Sunday, November 21, 2010

Commercial-Off-The-Shell Enterprise Real Time Computing (COTS ERTC) -- Part 4: Network Requirements

Enterprise applications rarely work in isolation nowadays. Instead they usually cooperate with one another in a network environment.
Due to Ethernet's uniqueness, this topic will only discuss the TCP/IP suite over Ethernet. The networks in Figure 4.1 are used for the discussion.
Figure 4.1 Networks
1. Network Latency
The network latency from a host in LAN1 such as Host11 to a host in LAN2 such as Host21 is the cumulative latency of all the following component:
  • the TCP/IP stack latency on Host11. It includes all OSI layers except the 7th application layer (you have full control at the application layer).
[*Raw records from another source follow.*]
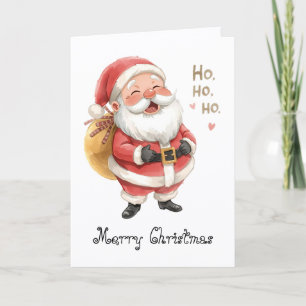 Kerstman Ho Ho Ho & whimisieke groet Kaart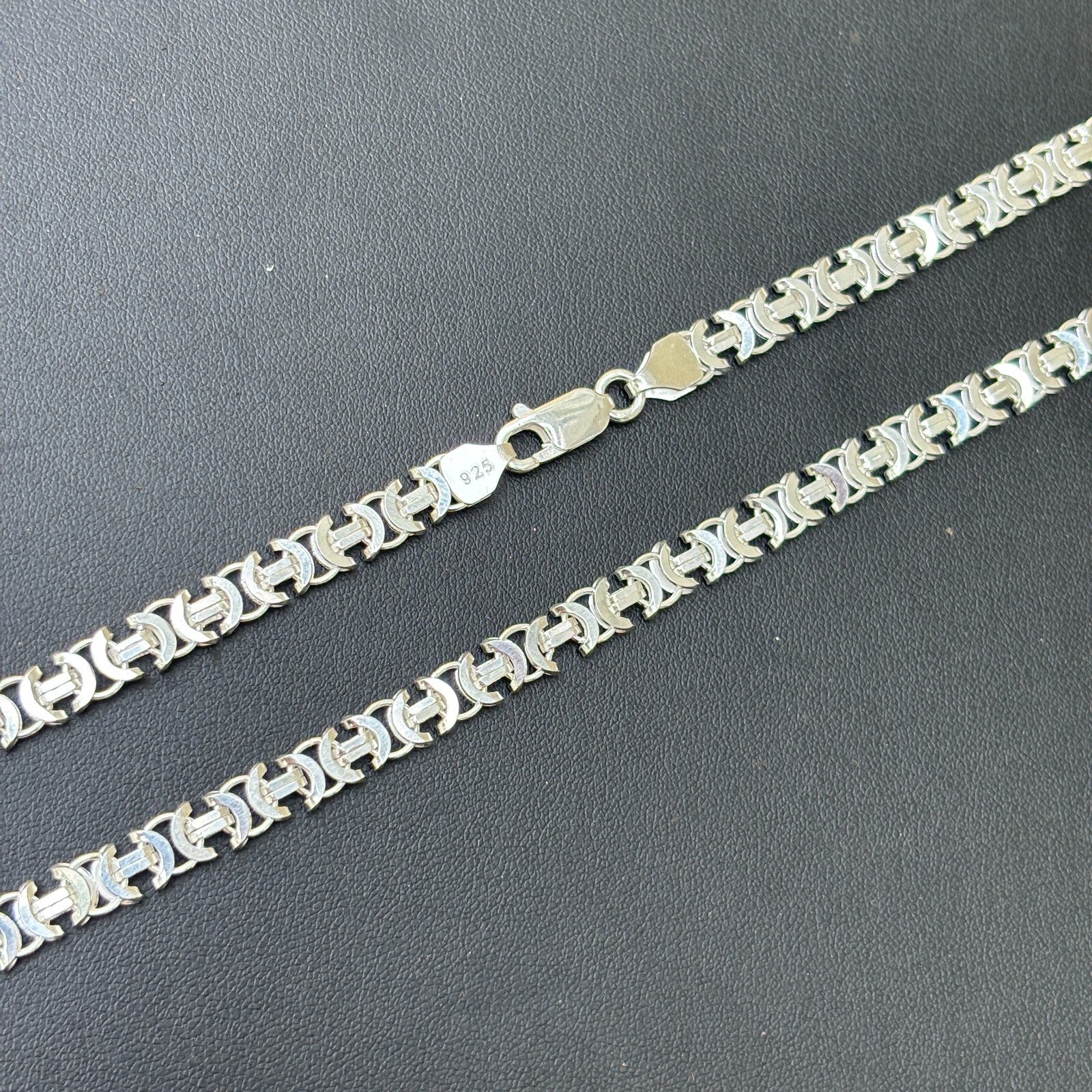 925 Sterling Silver 6mm Flat Byzantine Chain Necklace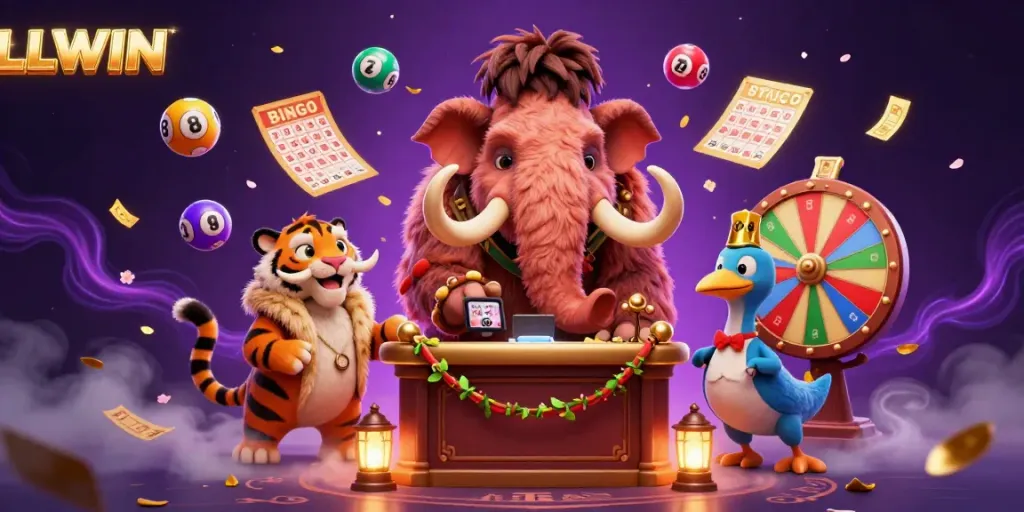 Experience the dynamic environment of LLWIN with our 3D illustration featuring a woolly mammoth bouncer, a saber-tooth tiger guest, and exciting casino elements.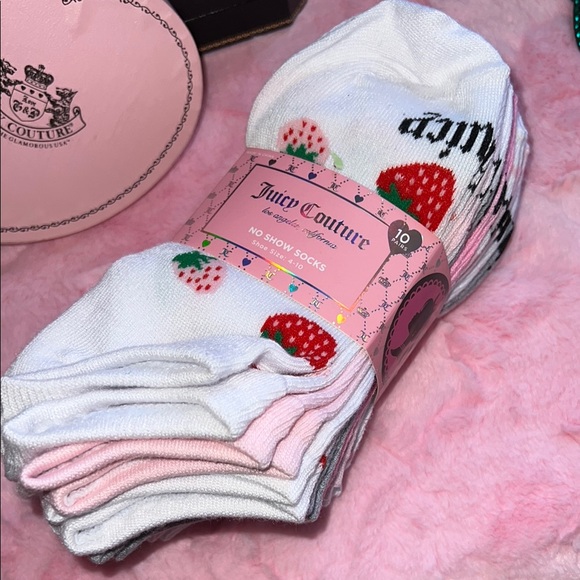 NWTπ10 pairs Juicy Couture White and Pink strawberry No Show Socks - Picture 2 of 7
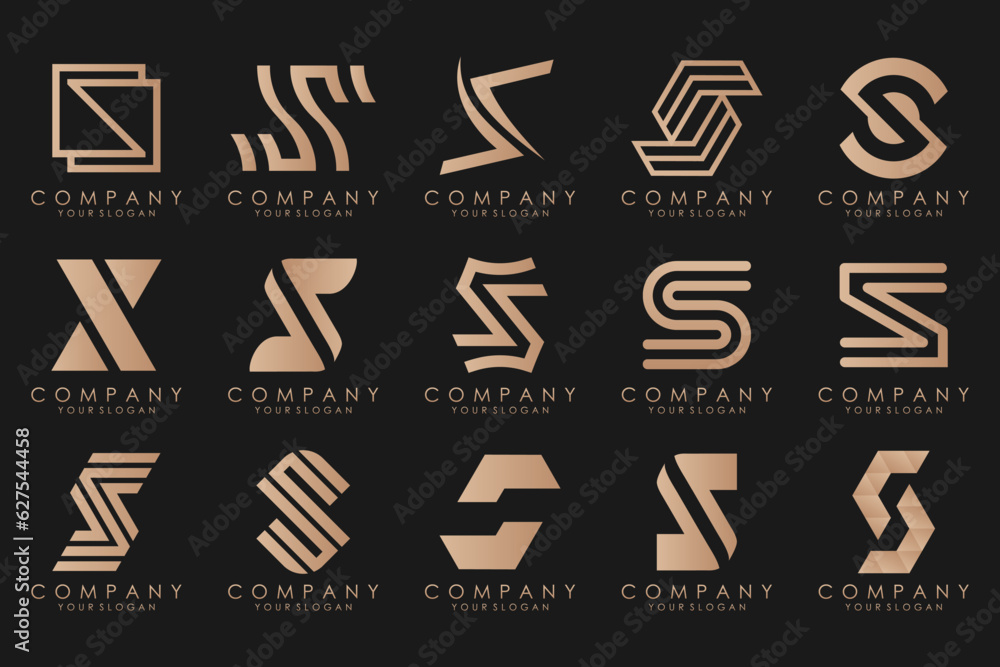 Abstract collection with letters S logo design. creative design logotype S with gold color. Abstract collection with letters S logo design. creative design logotype S with gold color.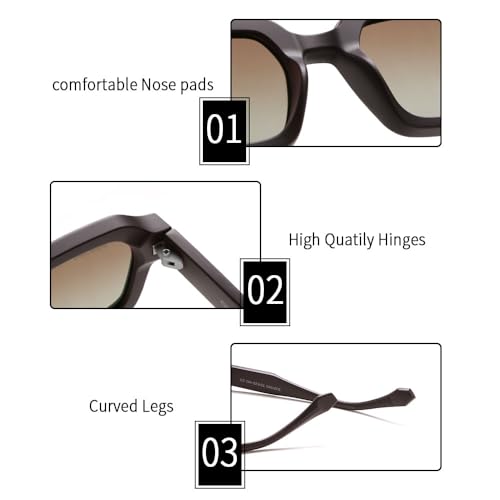 Image of grey jack TR90 Rectangle Polarized Sunglasses for Men Women,Stylish Full Rim Eyewear for UV Protection 21040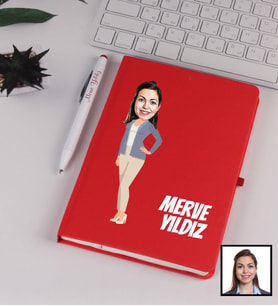 Kişiye Özel Karikatürize Bankacı Defter Kalem Seti Kırmızı 91347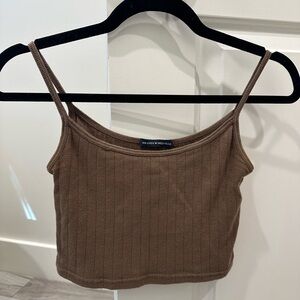 Brandy Melville Brown Cropped Ribbed Tank Top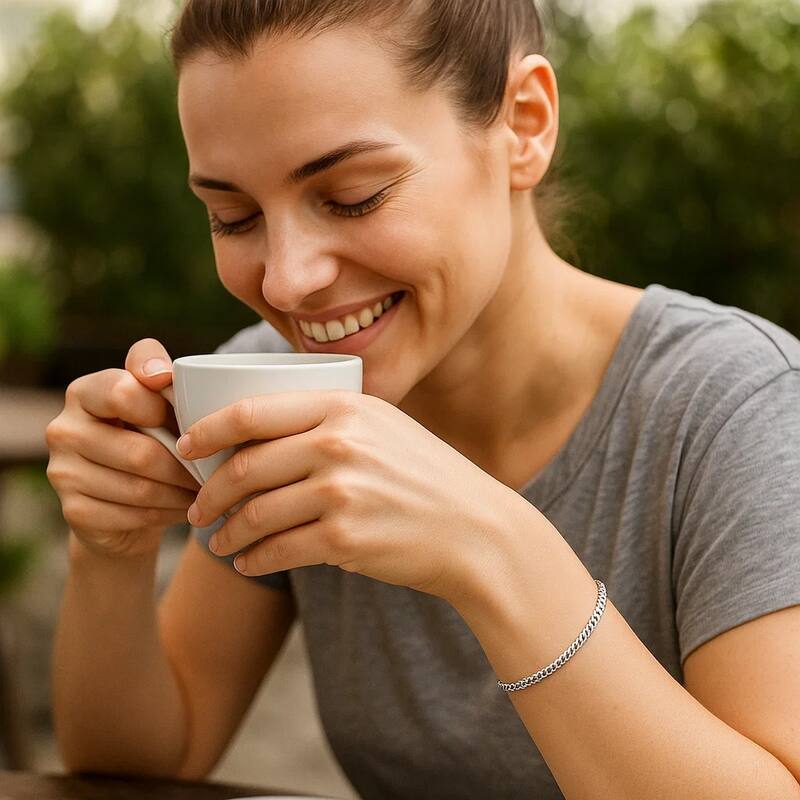 MayaMila 3.6mm 14k White Gold Solid Curb Bracelet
At least the 2 lower layers are implemented in the NIC firmware. All other layers are either included in the OS or also included in the NIC firmware.
  • the switch latency in LAN1. The switch is a Layer 2 device. Originally an unintelligent Layer 1 hub or repeater was used. I will compare the latency difference later on.
  • the routers latencies between LAN1 and LAN2. The routers are actually Layer 3 switches.
  • the switch latency in LAN2. Again the switch is a Layer 2 device.
  • the TCP/IP stack latency on Host21. Again it includes all OSI layers except the 7th application layer.
  • the propagation delay from Host11 to Host21. It is the time it takes for signals to travel in the physical copper cables or fibers. Signals in fibers or copper cables can travel at about 2/3 of the fundamental speed of light.
    If the communication distance is short e.g. in a LAN, the propagation latency can be negligible compared to other larger latencies.
    On the other hand if the the communication distance is long, it can't be ignored. For example the straight distance from San Francisco to New York is about 4,125 kilometers and the one-way signal travel needs about 19.6ms that is the lower bound of your overall latency optimization.
Network latency can also be defined as the round-trip latency between Host11 and Host12. However since our discussion focuses on latency and jitter analysis of all involving components, the above one-way definition is sufficient.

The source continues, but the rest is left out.